LM: Much of my research to date has focused on a number of contexts, particularly criminal law and criminal justice, in which sexuality in law has worked to exclude subjects from particular rights and citizenship more generally. Several recent law reform initiatives in the UK have made important changes to this state of affairs, advancing formal equality. I began to wonder what the experience might be of those attempting to access these new rights and started to search for literature examining the experience that lesbians and gay men have of getting access to advice on law and of using the courts to enforce rights. There is very little scholarship and empirical work in this area. I began to read the feminist and critical race scholarship to explore what the themes and issues might be in other contexts. One theme focused on the judiciary. In crude terms various reports from the US and Australia having documented experiences and perceptions of prejudice in the legal process singled out the homogeneity of the judiciary, made up almost exclusively of late middle aged, upper middle class white men drawn from a narrow and exclusive social and cultural milieu, as an important part of the problem. In response, greater diversity of the bench, in terms of gender, race and ethnicity, was offered as an important policy and practical objective. While these debates appeared to have had a lower profile in the UK, at the time I began my research a lively debate about judicial diversity and diversity within the legal profession more generally was in full swing. I read these debates with great interest.

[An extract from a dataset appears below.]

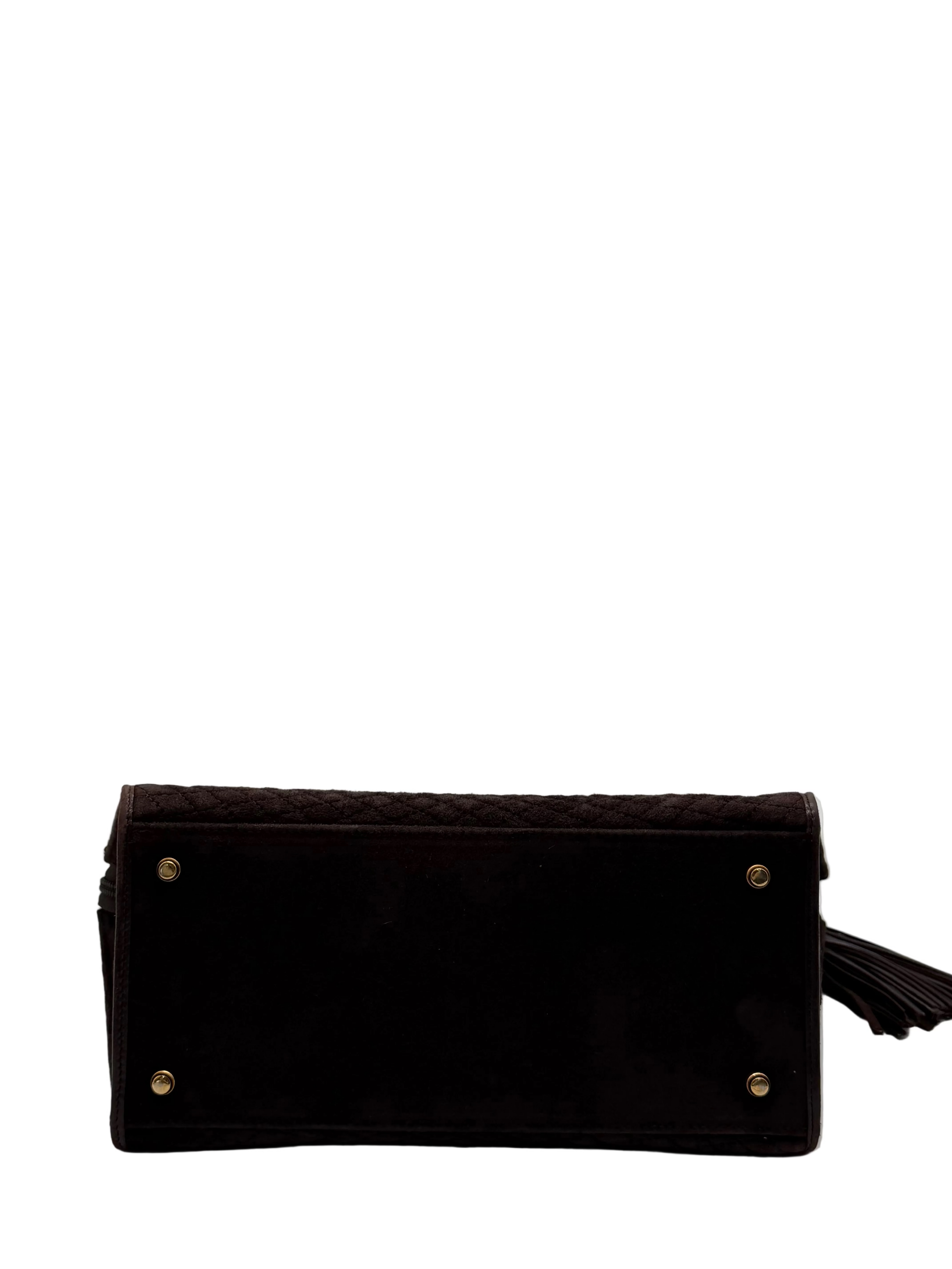 Bally Brown Suede Vintage | Gold Tassel hardware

As in other jurisdictions gender, race and ethnicity dominated the local debates. There was brief reference to disability but mainly in order to note the lack of data on the issue. Consideration of sexual diversity was notable by its almost total absence. The more I became aware of this apparently resounding silence the more I became intrigued.

The statutory obligation to promote diversity in the 2005 Act doesn’t identify any particular aspects of diversity so I looked with great interest at the first policy document produced after the Act came into effect relating to judicial diversity. A joint statement made by the Lord Chancellor, the Chief Justice of England and Wales and the Chairman of the Judicial Appointments Commission explained the importance of collecting and monitoring demographic data on the judiciary in general and the judicial appointments process in particular. The argument is that the diversity data will allow the various parties to establish a benchmark and thereafter to monitor progress made towards the statutory objective of ‘diversity’ in the judiciary. Again, gender, race and ethnicity are all clearly mentioned. Sexual is missing. None of the arguments offered in support of data collection appear to support this exclusion. Why is it missing?

E: What do you think of the recent developments in England and Wales around judicial diversity?

I certainly welcome the debates. The UK has a relatively poor record when it comes to diversity on the bench. The recent debates have highlighted some of the continuing problems and begun a consideration of how to change the status quo. I also think that anything that raises the profile of the politics of the judiciary is to be welcome. I have a sense from my study of other jurisdictions that many prefer to live with a ‘necessary fiction’ that judging is not a branch of government. I don’t share those sentiments. But I remain fascinated by the gaps and silences in what would appear to be a relatively progressive debate in the UK. Some aspects of diversity are more respectable than others. Attempts to promote inclusion in some areas seem to sit all too comfortably in the debate with silences that lead to the marginalisation and exclusion of others. Rather than reproduce the silences I think its time in the UK to begin to question the terms of the debate and engage with a wider agenda. Maybe my research on sexual diversity in the judiciary will make some small contribution to opening up the debate.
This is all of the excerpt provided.